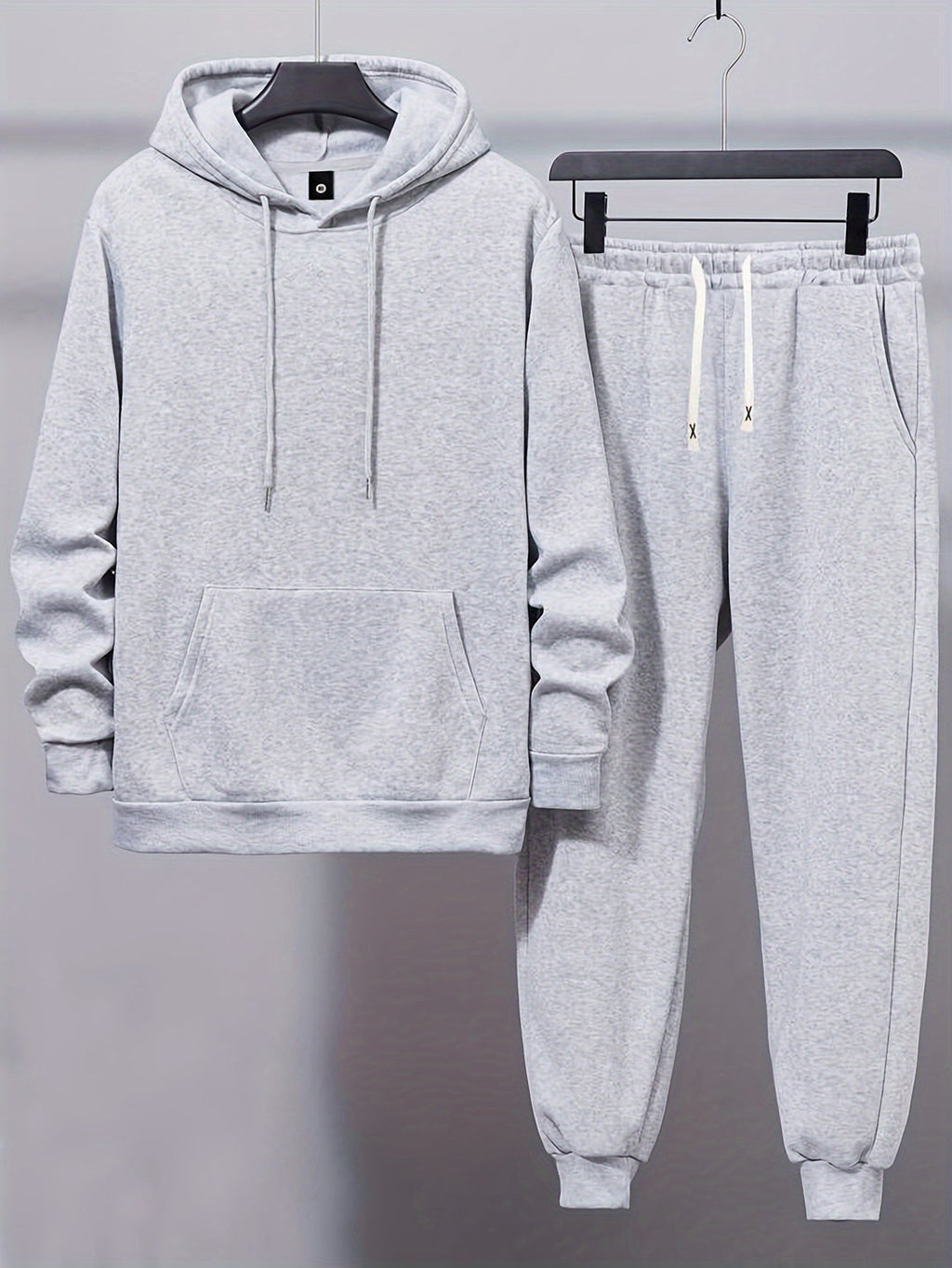 Men's Comfort Sweatsuit | Plain hooded jumper & Drawstring trousers | Sporty & Casual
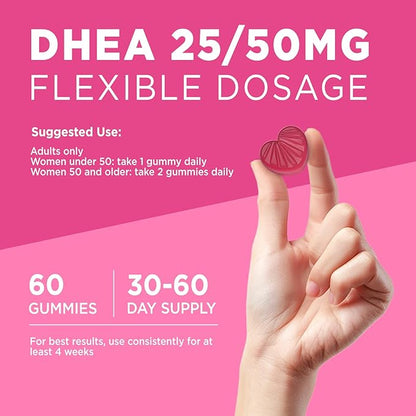 DHEA Supplement for Women, DHEA 50mg with Omega Fatty Acids, Magnesium & Antioxidant Blend, Supports Hormone Balance, Healthy Aging, Immunity & Energy, DHEA 25 mg per Gummy, Non-GMO, Sugar Free, 60ct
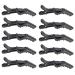 10x Crocodile Hair Clips Barrette Professional Styling Hair Clips Sectioning Clamp for Thick Hair with Nonslip Grip and Wide Teeth for Salon Home Use Women and Girls (Black)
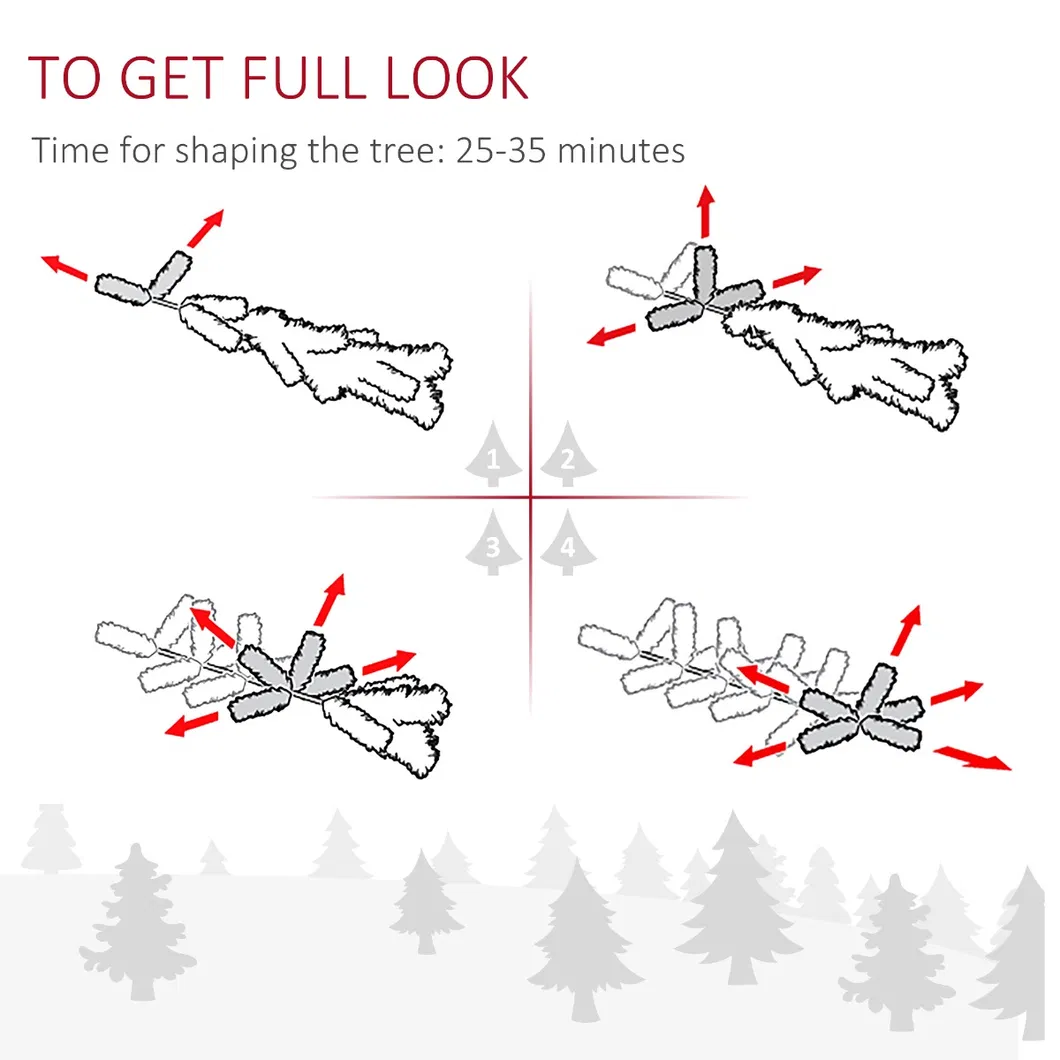 6FT Artificial Christmas Tree Full Pine Holiday Home Decoration with Silver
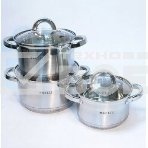 Набор посуды из нержавеющей стали со стеклянными крышками KELLI KL-4246 6 пред. 16 см -2,1; 18- см-2,9; 20 см-3,9 литра. 7-ми слойное капсульное дно. Индукция, фото2
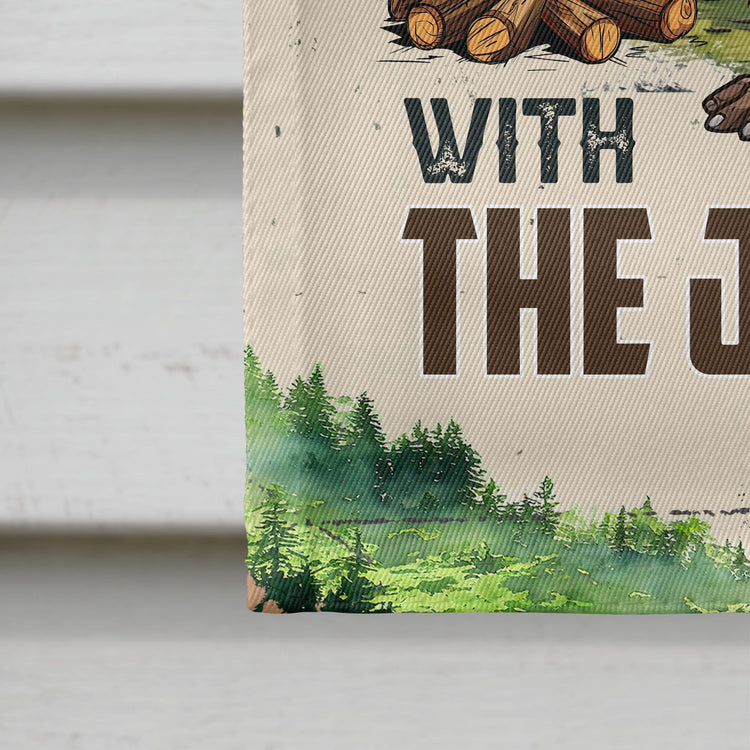 Bigfoot Camps Here With Us - Personalized Flag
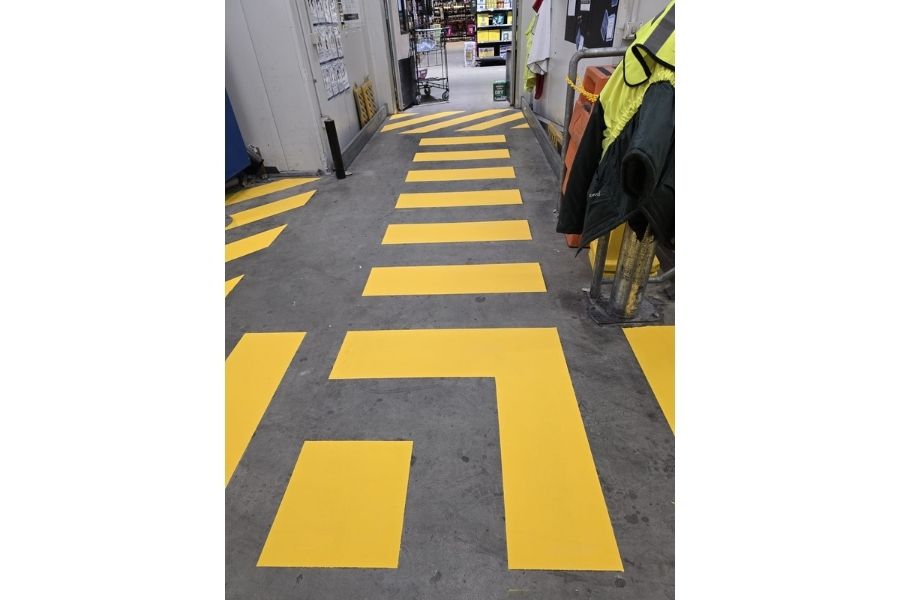 Restored high-visibility yellow safety lines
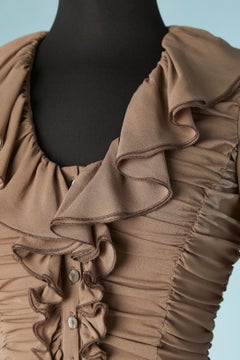 Grey silk draped shirt wit ruffle front Just Cavalli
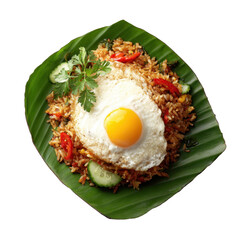 Nasi Goreng with Fried Egg on Banana Leaf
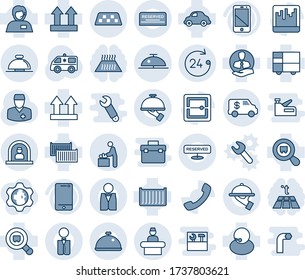 Blue tint and shade editable vector line icon set - taxi vector, reception bell, 24 hours, client, baby room, ambulance car, doctor, support, cargo container, delivery, consolidated, up side sign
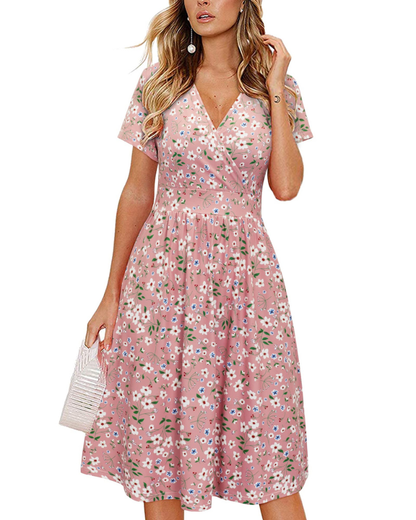 Robe Midi Femme en tissu léger, col V, coupe confortable – Menvelo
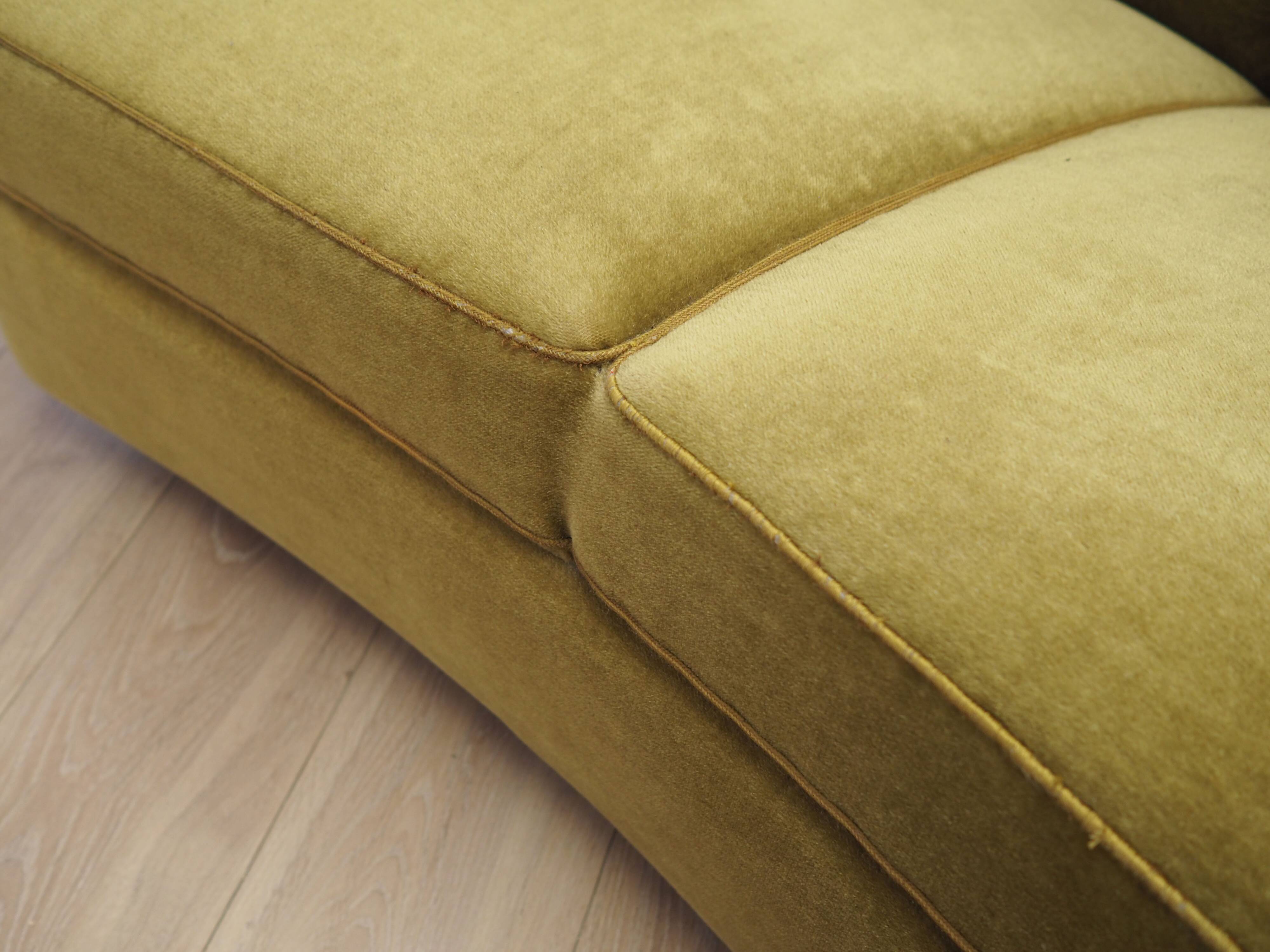 Green velour sofa, Danish design, 1960s, production: Denmark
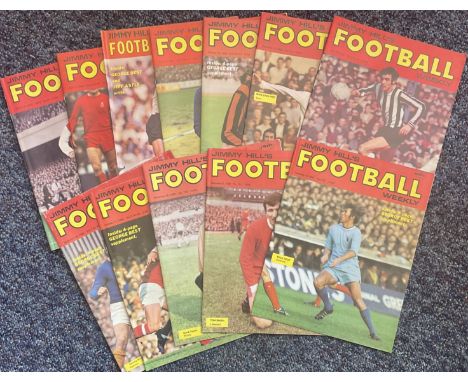 Football Collection of 12 vintage Jimmy Hill's Football Weekly Magazines from 1969. fair condition. Good condition. All autog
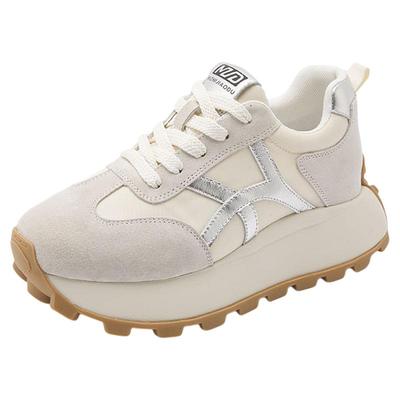 运动风厚底圆头德训鞋真皮老爹鞋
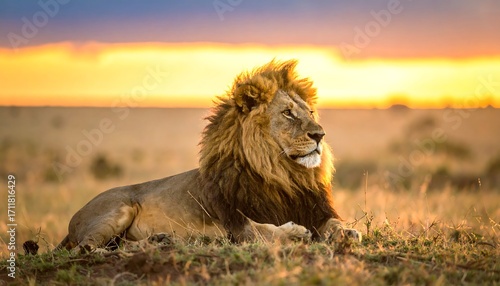 Wallpaper Mural Majestic lion at sunset Torontodigital.ca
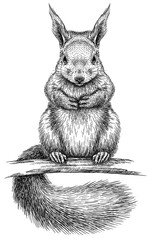 Vintage engraving isolated squirrel set illustration ink sketch. Forest background animal silhouette art. Black and white hand drawn image © Turaev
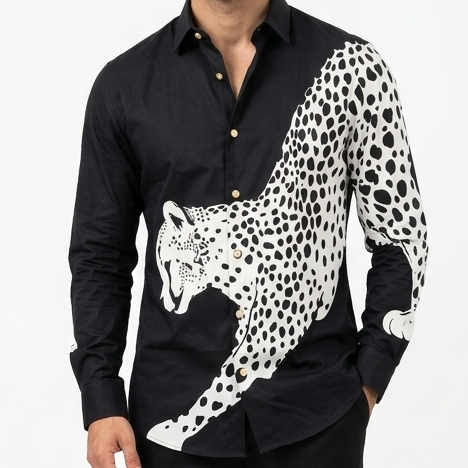 Men's Premium Black Graphic Print Shirt | Full Sleeve Regular Fit Casual & Party Wear Shirt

* * *

### ABOUT THIS EXERCISE
Using the entries above, write out exactly the lines from the one with "Football Collection of" through the one with "Wallpaper Mural Majestic", ends included. Leave out any pictures.

### RESULT
 Football Collection of 12 vintage Jimmy Hill's Football Weekly Magazines from 1969. fair condition. Good condition. All autog
 运动风厚底圆头德训鞋真皮老爹鞋
 Wallpaper Mural Majestic lion at sunset Torontodigital.ca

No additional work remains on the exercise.